Records from a data collection

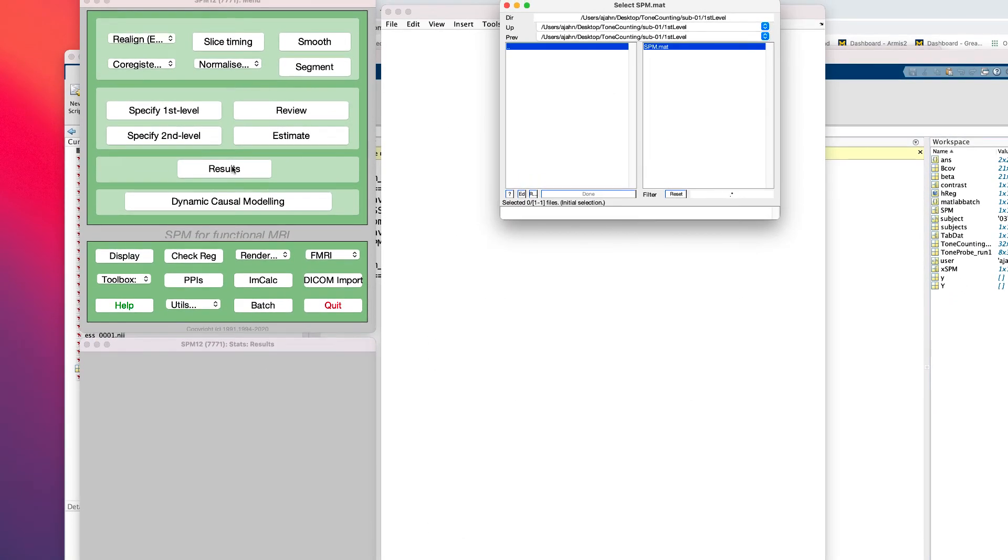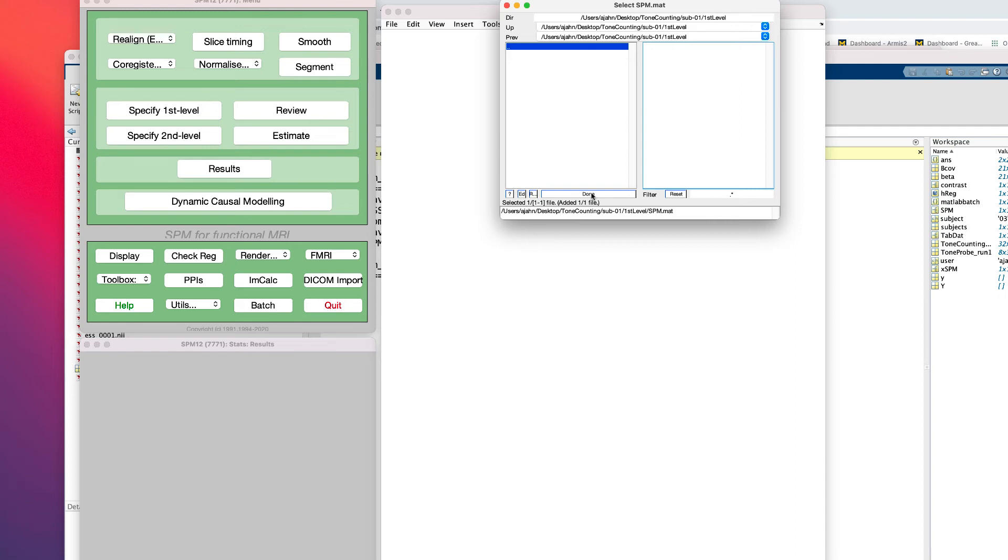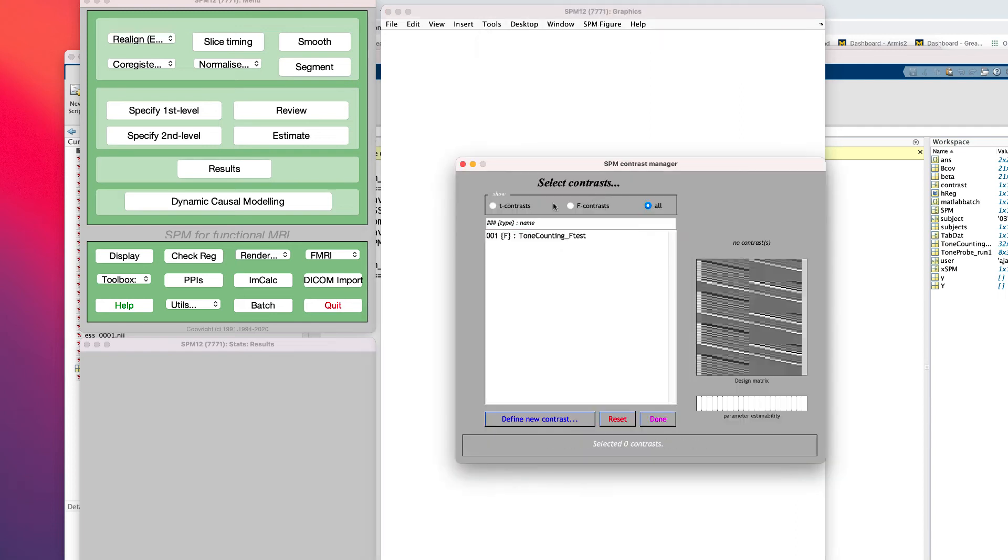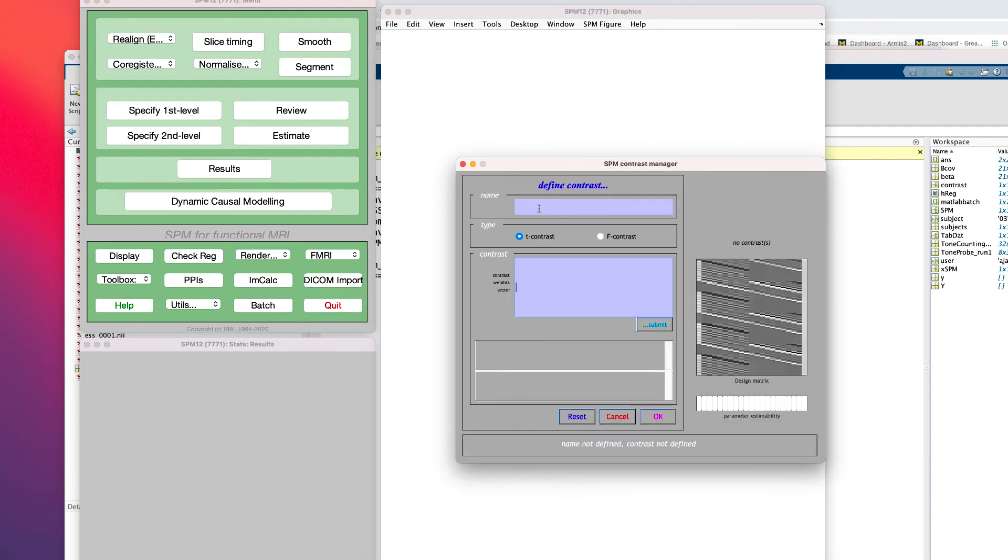Aside from an F-test, you may want to compare specific time points or combinations of time points against each other. Let's say we were interested in the average of TRs 3-4 compared to TR-1, and where this difference was significant.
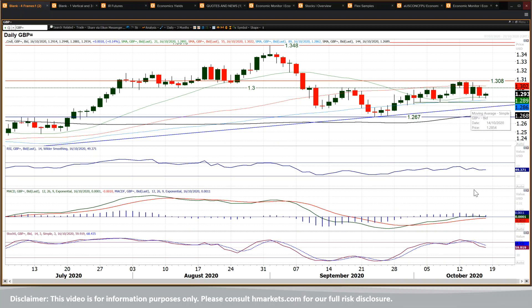Looking at the momentum indicators, they've all moderated around their neutral points — certainly RSI flat at 50, MACD flat at neutral — reflecting that indecision.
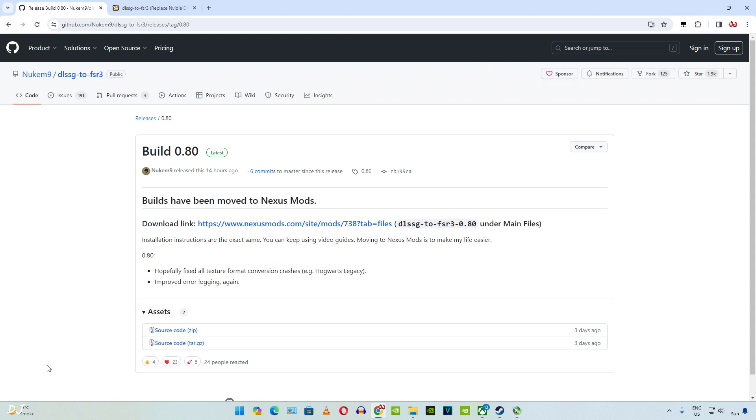Welcome back guys. A new version of FSR 3 frame generation mod by Nukem 9 is now available. In this video I will be showing you how to use it with Hogwarts Legacy, NFS Unbound and Usand.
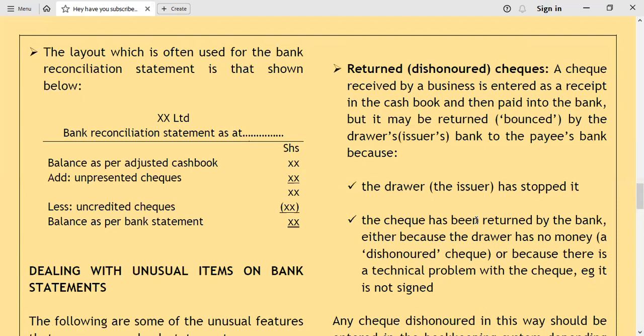The layout normally used for the bank reconciliation statement is as follows: write the name of the business — for example, XX Limited — then the heading 'Bank Reconciliation Statement as at [date].' Show the balance as per the adjusted cash book, add unpresented checks, then deduct uncredited checks to arrive at the balance as per the bank statement.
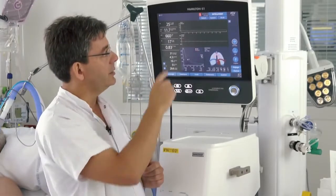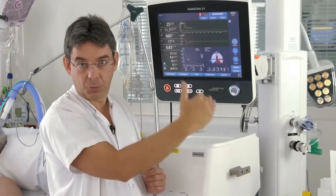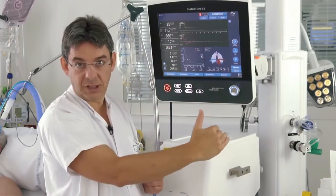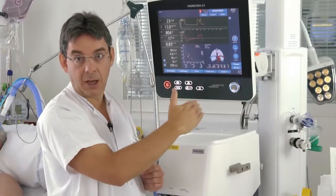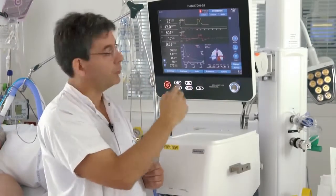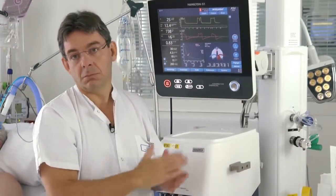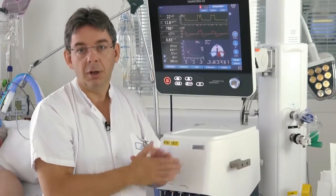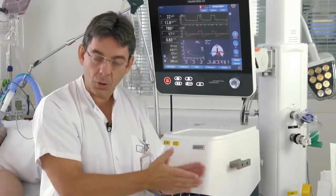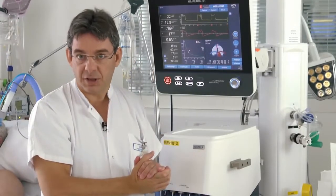As we decrease the target minute volume, the pressure support will decrease. When the pressure support is below 16 cmH2O, we may proceed to a spontaneous breathing trial.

__Action item__
Only one stretch of the data is wanted: write out exactly the lines from the one holding "Looking at the" through the one holding "Welcome back guys.", both included, without the pictures.

__Exercise result__
Looking at the momentum indicators, they've all moderated around their neutral points — certainly RSI flat at 50, MACD flat at neutral — reflecting that indecision.
Welcome back guys. A new version of FSR 3 frame generation mod by Nukem 9 is now available. In this video I will be showing you how to use it with Hogwarts Legacy, NFS Unbound and Usand.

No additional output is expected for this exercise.